Several reports on the dangers of misinformation are themselves slightly misleading, a leading fact-checker has said.
The UK-based charity Full Fact has questioned the claim that at least 800 people globally might have died as a result of fake news about the coronavirus.
The figure of 800 comes almost entirely from alcohol poisoning deaths in Iran, which may have happened for other reasons, Full Fact’s conclusion states.
Outlets which covered the claim include the BBC, the Independent and Sun which linked the figure to the myth that drinking methanol acts as a Covid-19 disinfectant (which is untrue).
They describe the findings of a research paper published in the American Journal of Tropical Medicine and Hygiene (AJTMH). Based on this, they say that at least 800 people might have died around the world as a result of coronavirus misinformation.

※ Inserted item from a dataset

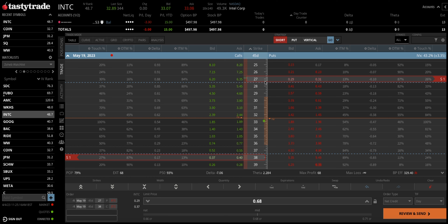Looking at the numbers, I've sold the $27 put strike for a credit of 29 to 31 cents. You can see this is a very liquid underlying with a very tight bid-ask spread. Then we have sold the $38 call for between 37 and 48 cents. Looking at it from a one-contract perspective, we could generate around 68 cents per contract, and one contract equals 100 shares.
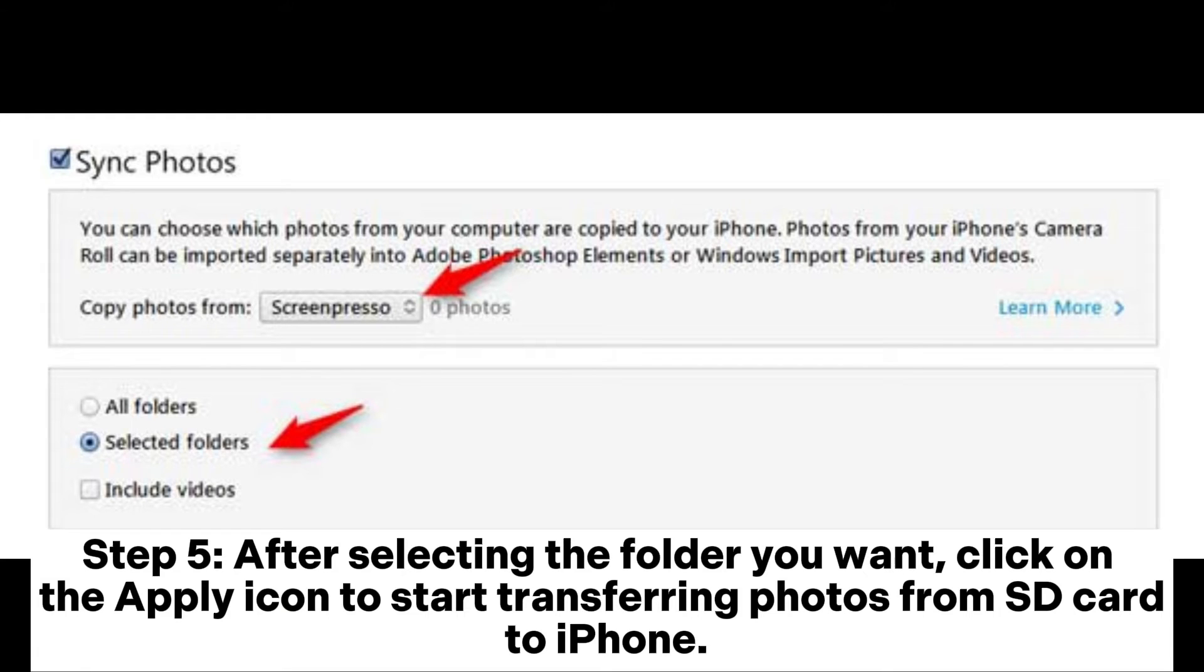Step 5: After selecting the folder you want, click on the Apply icon to start transferring photos from SD card to iPhone.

“This is a fair description of one section of the research paper, but the paper itself did not attempt to measure the total number of deaths around the world caused by misinformation about Covid-19,” Full Fact said.
“However, it takes its figures from research which suggests that some of the deaths from methanol poisoning could be the result of Iranians drinking what they believed was ordinary alcohol (ethanol) for pleasure.”
The original report stated, “From our data, it is unclear how many Iranians drank adulterated alcohol for recreational purposes or as gastrointestinal “disinfectant” to prevent—or treat—COVID-19 infection.”
But Full Fact concurred that false information can be “very dangerous”.
They added that if they could measure the motives for every choice behind the pandemic-related advice by governments and ordinary people, then the true number of misinformation deaths could be much higher than 800.